By: Christopher Weight, MD, MS, Cleveland Clinic, Ohio | Posted on: 03 Jul 2024

“I want you all to write down one question,” my gray-haired professor said. This was one quarter of a century ago and I was a first-year medical student at the University of Utah, fresh out of our white coat ceremony, and seated in the lecture hall with my classmates at the dawn of our medical careers. “This could be any sort of question,” he continued, “but the most probing, the most intriguing, or the question that prompts the most thought will be rewarded with a $100 bookstore voucher!”

As one of the few medical students at the time who was married, and one of the even fewer who was a parent, that $100 got my attention. I labored for a while to produce a good question. Though my exact wording escapes me, I essentially asked, “Will advances in medical technology race ahead while our wisdom to apply those advances crawls?” Much to my surprise, I won the $100 book scholarship, but also to my surprise, this question continues to weigh on my mind to this day.

Do not get me wrong, I am not a luddite; I believe artificial intelligence (AI) can improve patient outcomes in urology and medicine. The possibilities are endless. There are 2 very promising AI approaches that I believe will change urology in the very near future, 2 reasons why AI will best doctors on certain clinical tasks, and 2 pitfalls where I am concerned that AI can go very wrong.

Large Language Models

At this point, large language models (LLMs) like OpenAI’s ChatGPT, Google’s BERT, or Meta’s Llama hardly need an introduction. These models can interpret and generate natural language at a level that is stunningly human-like. These models have the potential to improve patient outcomes in 3 straightforward ways:

  1. Answering medical questions
  2. Automating medical charting and billing
  3. Curating electronic medical record data for use in quality control or research

From chatbots that can answer patients’ questions in real time to AI scribes that can document and summarize the clinical encounter, tools powered by LLMs can help mitigate many aspects of medical practice that lead to burnout. Our team recently also used an LLM to extract structured pathology data from ∼10,000 kidney tumor surgeries, and it achieved 95% to 97% agreement with hand-extracted data by medical personnel. LLMs could be the advancement that finally realizes the potential promised by electronic medical records for so many years.

Computer Vision

image
Figure. The image above was created in a few minutes with the help of OpenAI’s ChatGPT 4.0 and Adobe Photoshop as a visual way to prompt reflection on my question. It depicts a man who clearly is unable to move as fast as all the creations around him. The blueprints of all “his” technological advancements are bursting out of him, symbolizing that everything visible was created by humans. Everything, that is, except humans themselves and the plants at his feet. These were created by the wisdom of nature. He is facing us, and he does not seem to know that one of his very creations is flying directly toward him and he may not have time to get out of the way. If you look closely at his expression, you might gather that he is uneasy with his creations. He suspects that, although his creations may be flashy, fast, and wonderful, something is not right here.

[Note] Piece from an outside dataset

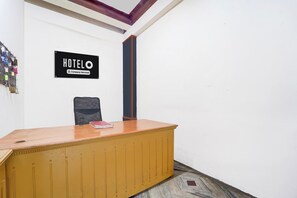 A hotel reception desk with a sign above it, a chair, and a wall-mounted key rack.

Although language is powerful, medicine is largely built on more expressive modalities like images and video. The Figure is just one example of how modern AI techniques allow for computers to understand, interpret, and even generate visual data. Three areas primed for immediate impact with medical AI tools include:

  1. Enhanced assessment, objectivity, and quantitation in the interpretation of medical images by radiologists and pathologists
  2. Visual augmentation of medical procedures and surgery
  3. Powerful, patient-specific simulation for training and education

Our team at the Cleveland Clinic has worked to develop algorithms to compute nephrometry scores based on CT scans of renal tumors. The data curation, labeling, and refinement necessary for this work took some time, but then, overnight, we could generate every kind of nephrometry score on thousands of images. When we wanted to compare them to human experts, it took another year to collect the scores generated by humans! Now that we have a system in place, we can generate scores on 20,000 patients (about the seating capacity of a professional sports arena) with minimal manual effort. Can you imagine how long it would take humans to score 20,000 scans?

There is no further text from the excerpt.